EXERCISE INSTRUCTIONS
Please print all the lines below exactly as they are written.

BEGIN RAW DATA

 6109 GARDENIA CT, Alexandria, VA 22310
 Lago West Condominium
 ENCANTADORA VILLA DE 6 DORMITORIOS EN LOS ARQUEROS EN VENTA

END RAW DATA

TASK OUTPUT
 6109 GARDENIA CT, Alexandria, VA 22310
 Lago West Condominium
 ENCANTADORA VILLA DE 6 DORMITORIOS EN LOS ARQUEROS EN VENTA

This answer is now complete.